**Dataset extract:**
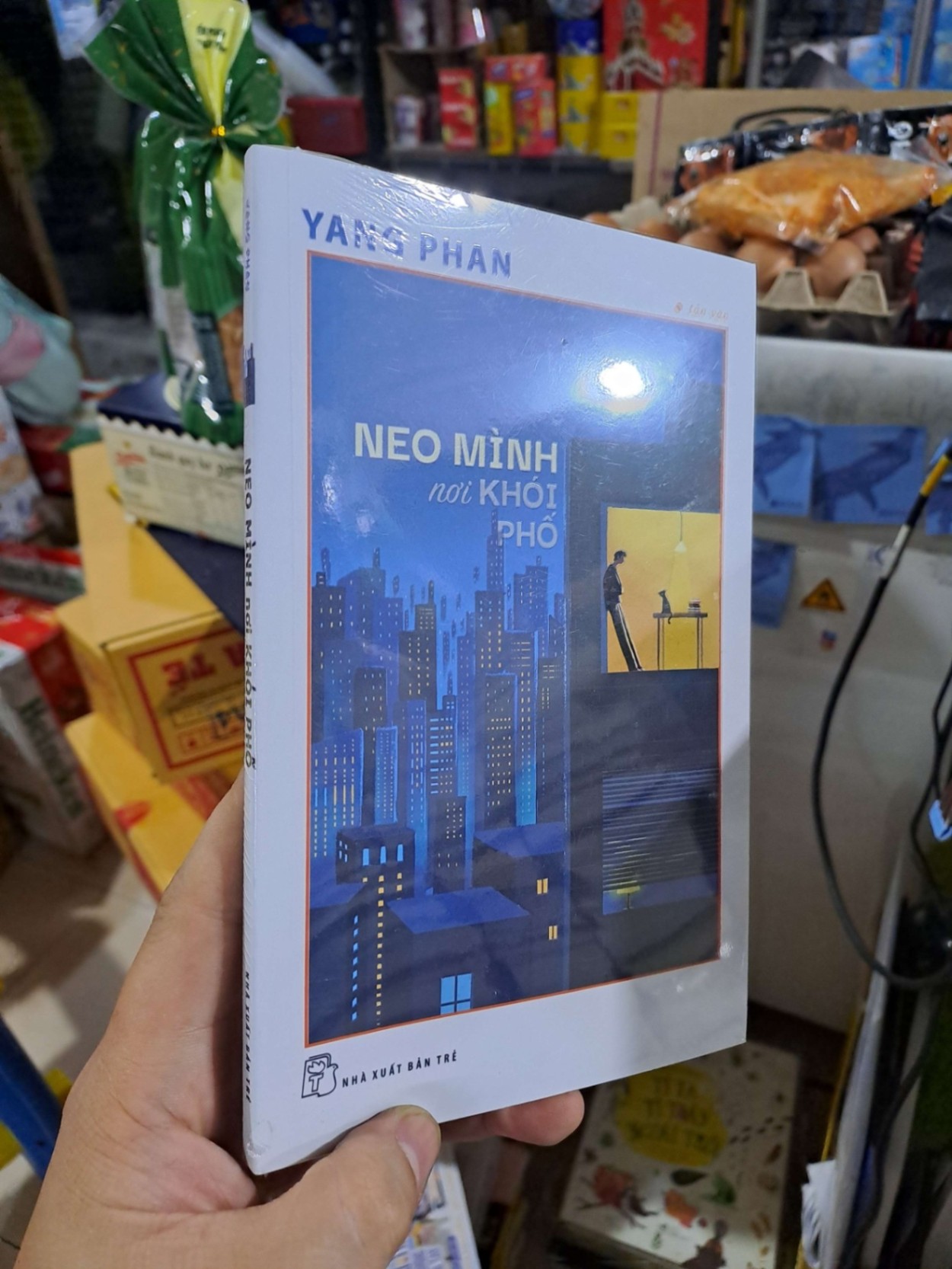 Neo Mình Nơi Khói Phố - Yang Phan - mới 100% - VĂN HỌC - HMT3012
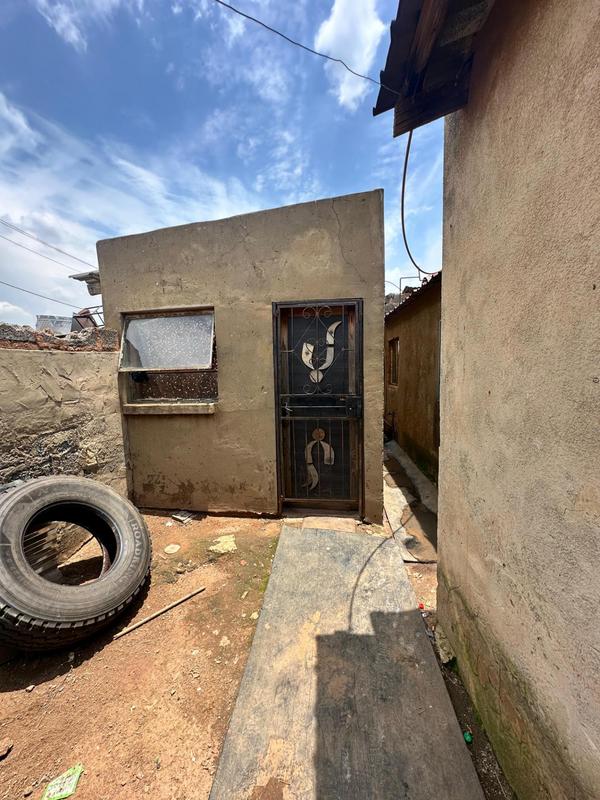 8 Bedroom Property for Sale in Rondebult Gauteng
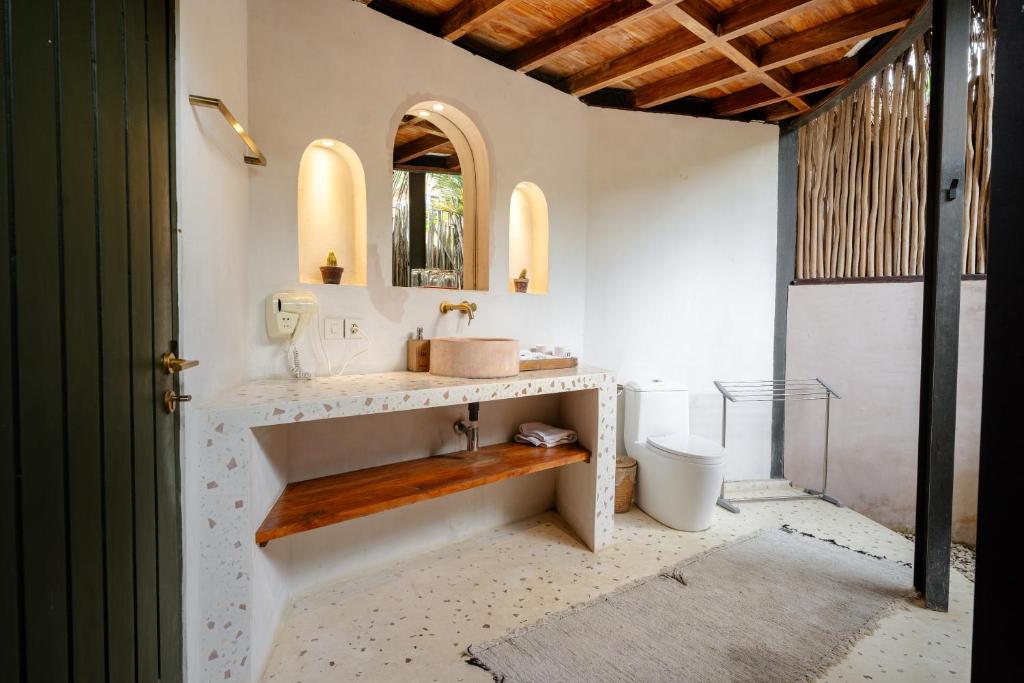 Tiu Oasis Lombok - 12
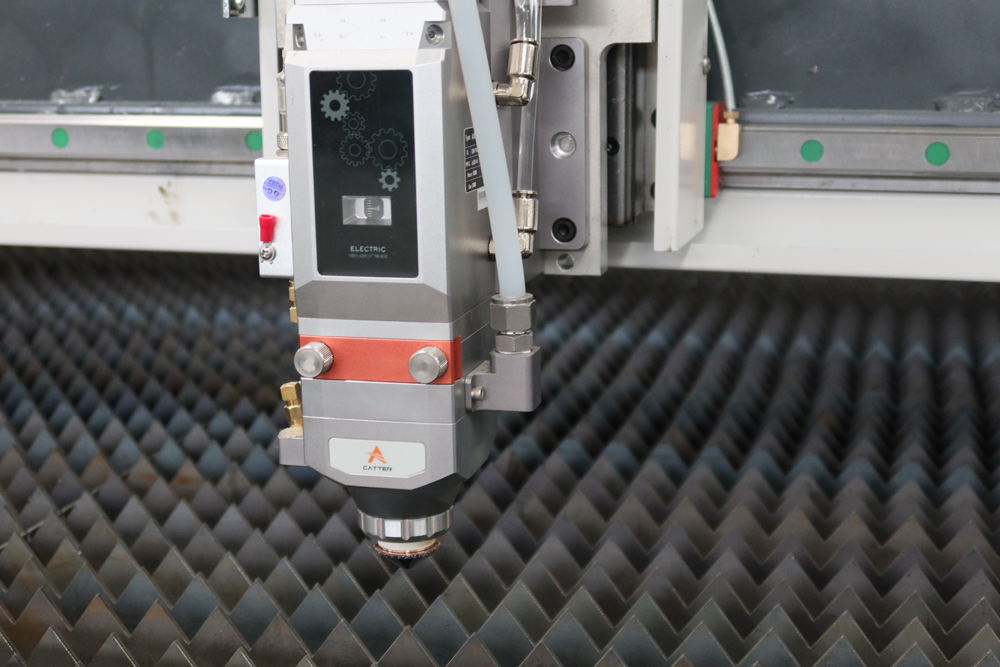 Taas nga Precision Fiber Laser Cutting Metal Stainless Steel Carbon 2000w
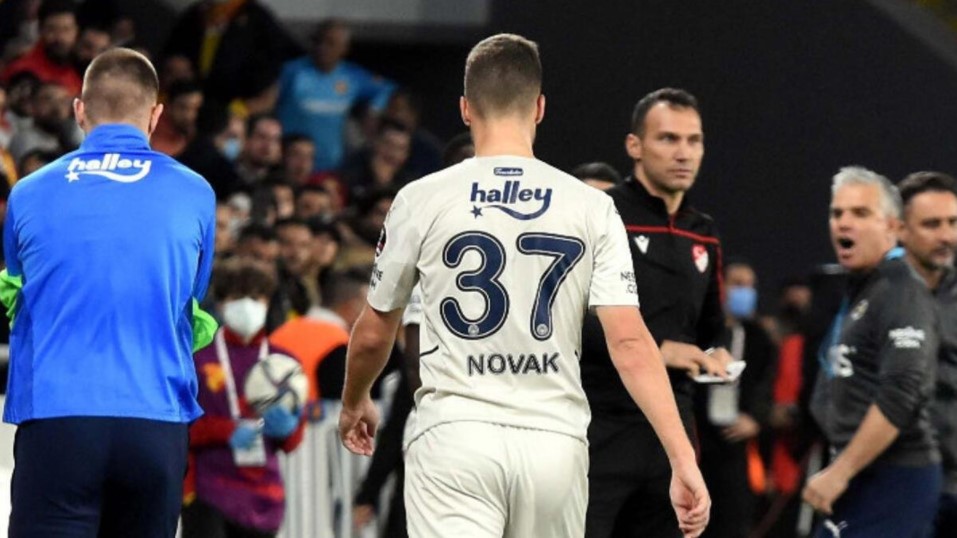 Fenerbahçe'de Novak'ın yerine sol bek aranıyor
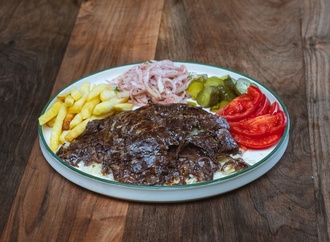 Yarım Porsiyon Pilav Üstü Et Döner görseli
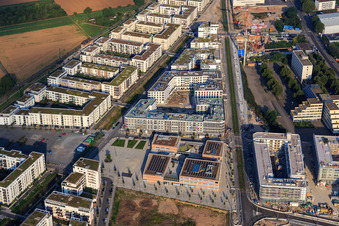 Vue aérienne de Green Mile avec l'hôtel Qube 2 et l'école primaire 2 à Gadamerplatz à le quartier Bahnstadt in Heidelberg dans le département Bade-Wurtemberg, Allemagne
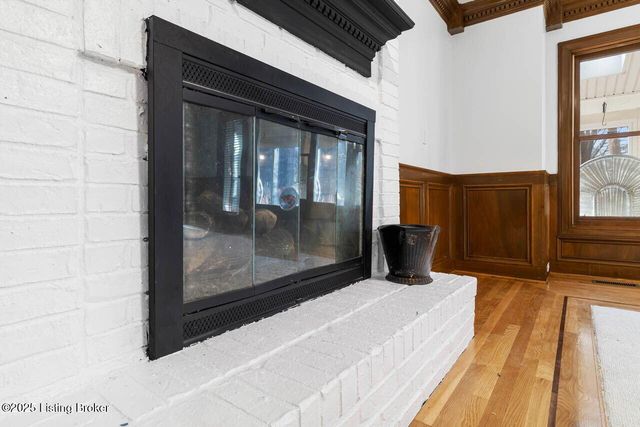 604 Lake Forest Pkwy, Louisville, KY 40245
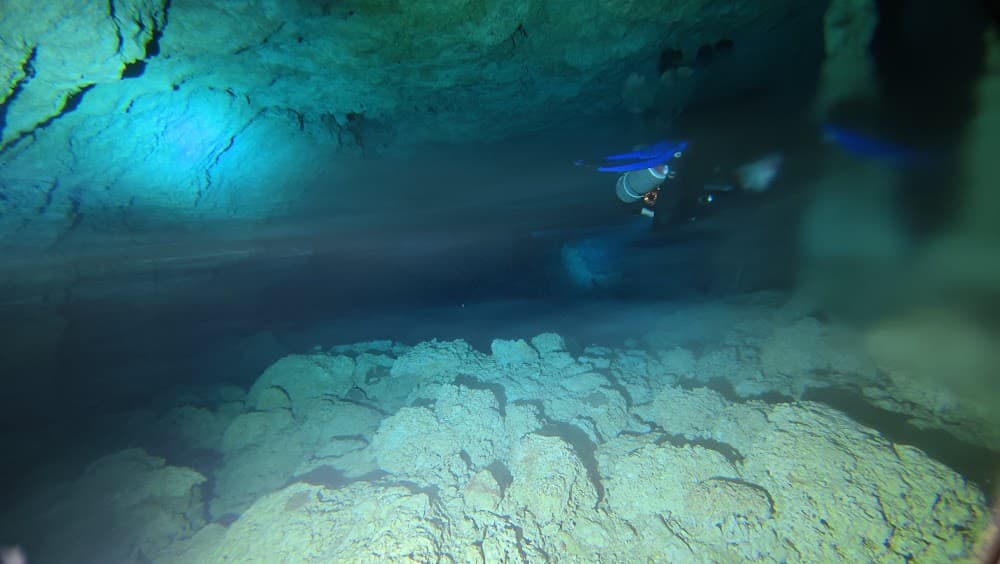 Taína cave — The site
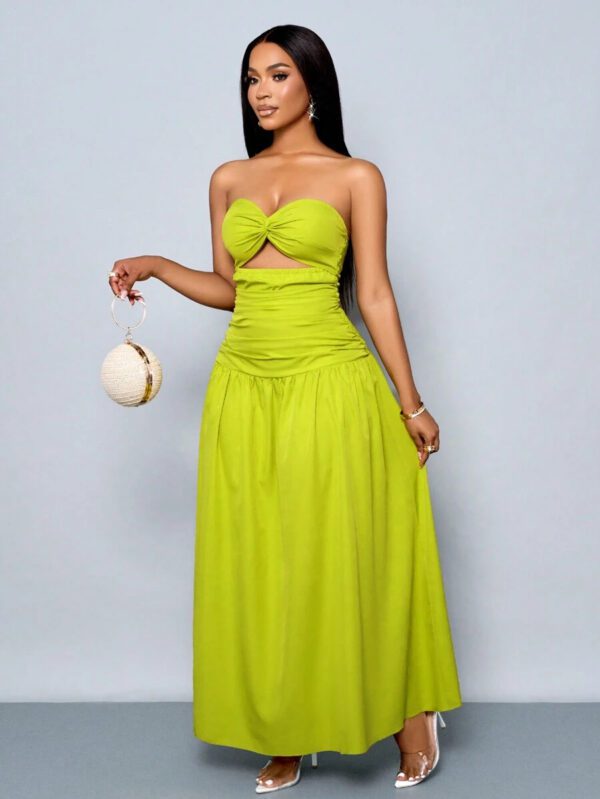 SOLERSUN Women's Spring/Summer Solid Color Beach Vacation Twist Front Ruched Tube Long Dress – Image 5
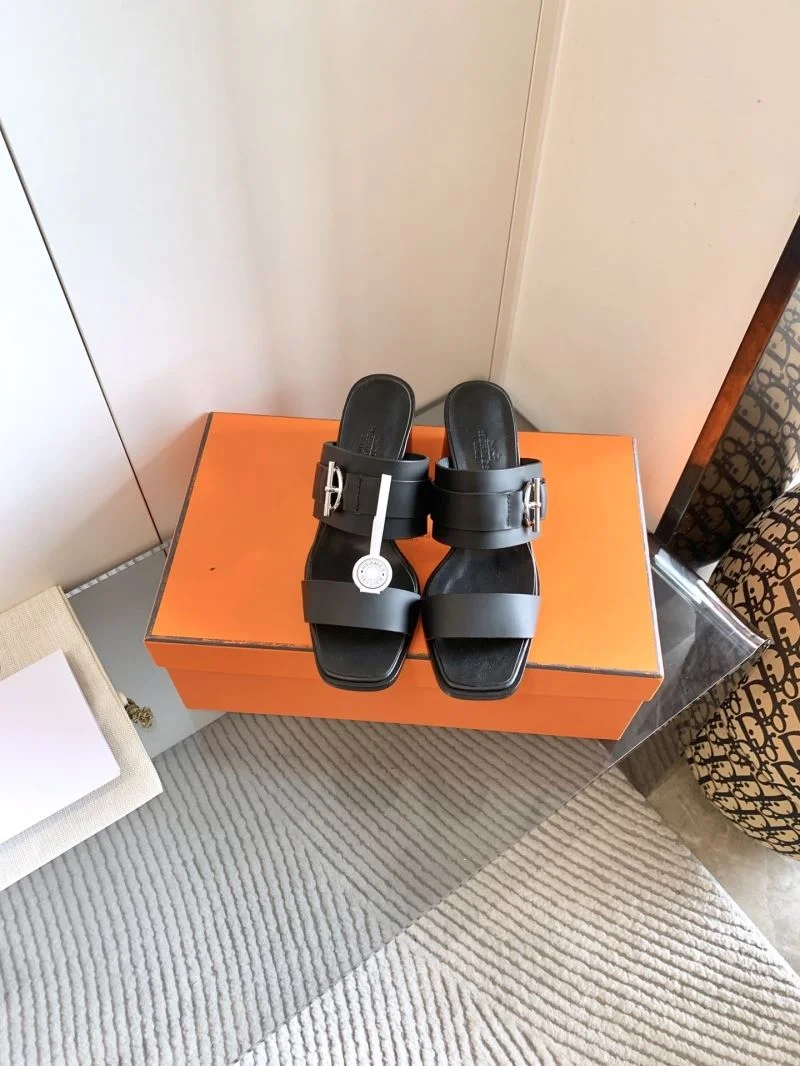 SmartChoice Hermes Slippers 26786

**What the task asks:** Repeat the lines exactly as they stand, from the opening line of the data through the line with "Yarım Porsiyon Pilav Üstü Et Döner görseli". Pictures stay out of the copy.

**Reply:**
 Neo Mình Nơi Khói Phố - Yang Phan - mới 100% - VĂN HỌC - HMT3012
 8 Bedroom Property for Sale in Rondebult Gauteng
 Tiu Oasis Lombok - 12
 Taas nga Precision Fiber Laser Cutting Metal Stainless Steel Carbon 2000w
 Fenerbahçe'de Novak'ın yerine sol bek aranıyor
 Yarım Porsiyon Pilav Üstü Et Döner görseli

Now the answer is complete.